Hypatia

Hypatia Picture

Hypatia, the first woman to challenge the pre-set notions of nature as a mathematical philosopher in the male dominated society of Ancient Greek, was born in 370 A.D. in Alexandria, Egypt. She was born to Theon, an eminent professor at the University of Alexandria. Theon raised Hypatia as a single parent, and was extremely enamoured with the child’s intelligence and capacity for knowledge. He had extremely elevated hopes of Hypatia, and he began to educate her in the disciplines of arts, science, literature and philosophy. Meanwhile, young Hypatia was also trained in physical activities such as swimming, riding and rowing. Hypatia was a gifted orator, and her skills were enhanced by her father’s insistence upon training her in speech.

Hypatia attended school at Athens, Greece, and the fame of her mathematical prowess began to spread as she neared the completion of her education. Upon her return to Alexandria, Hypatia was requested to accept the position of Professor of Philosophy and Mathematics at the University of Alexandria. Hypatia accepted the post and began teaching, her lectures, particularly her discourse on Diophantus’ “Arithmetica”, influenced her disciples and an increasing number of students signed up for her classes. She educated her students on the teachings of Diophantus, exploring the various techniques he developed to formulate solutions to indeterminate problems, and analyzing the symbolism constructed by his theories. She also conducted lectures on the teachings of Plato and Aristotle. Hypatia’s speeches were iconic and extremely rousing, people travelled from far to come and listen to her speak.

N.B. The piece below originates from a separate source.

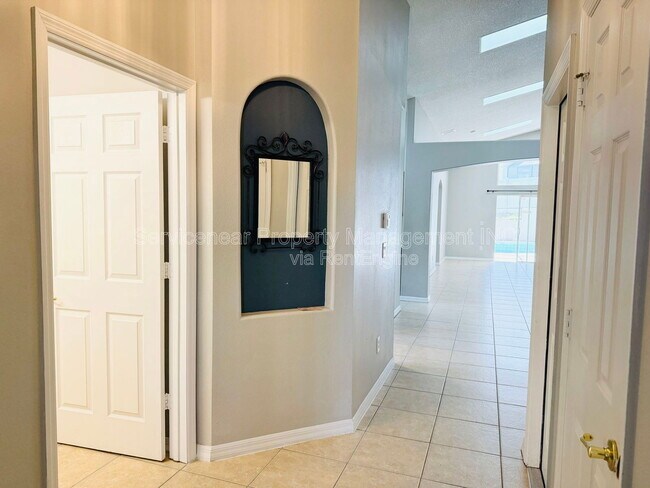 Building Photo - 2506 Oneida Loop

Hypatia is credited for several contributions to the discipline of philosophy, however the exact number of her works is unknown as many of them were destroyed during the centuries passed. Nevertheless, her existing work includes her treatise and discourses on “The Conics of Apollonius” and “Amagest”, which include her extremely innovative analysis of Ptolemy’s countless observations of the stars. She also composed an analysis on her father’s work on Euclid’s ‘Elements’. Hypatia intended to use all these writings to aid her disciples in comprehending difficult mathematical concepts. Among Hypatia’s most influential disciples, perhaps Synesius of Cyrene was the most famous, and he also remains a credible source of much information gathered on Hypatia as a result of his letters, where he credits her for “creating an astrolabe and a planesphere”, which were astronomical device, created by Hypatia to be used as instruments for distilling water, for measuring the level of water, and for concluding the specific gravity of liquids. Unfortunately, very few of these instruments constructed by Hypatia survived the ages.

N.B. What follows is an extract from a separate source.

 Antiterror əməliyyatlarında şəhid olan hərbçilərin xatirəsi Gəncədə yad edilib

Hypatia belonged to the Pagan school of Greek ideology, whose beliefs were in constant strife with the dominant religion of Christianity. The Neo-Platonists were regarded as heretics because, according to the Christians, they disputed and corrupted the thoughts of religious people. In 412, Hypatia’s teachings and avowed dedication to Paganism began attracting criticism and hatred from the dominant Christians. The same year, Cyril took over as the patriarch of Egypt and he began embroiling Hypatia into a conspiracy by encouraging the masses to believe that Hypatia’s relationship with the prefect of Egypt, Orestes, was the reason for the disputes in Egypt. This enraged the people, and in March 415, Cyril began organising a mob of religious fanatics and extremists, and convinced them to believe that Hypatia’s death was the only way to bring peace and stability back to Egypt. Hence, on her way back from the university, Hypatia was chased by an angry mob. They caught up with her, pulled Hypatia out of her chariot and proceeded to strip her naked. She was hauled around, beaten, stoned, and then dragged to the church where she was butchered to tiny pieces and put to fire.

Her brutal murder continues to haunt philosophers and free thinkers all over the world to this day. Hypatia’s remarkable intelligent and timeless wisdom has benefited the world immensely, and she will always remain the first female to have revolutionized the field of mathematical philosophy.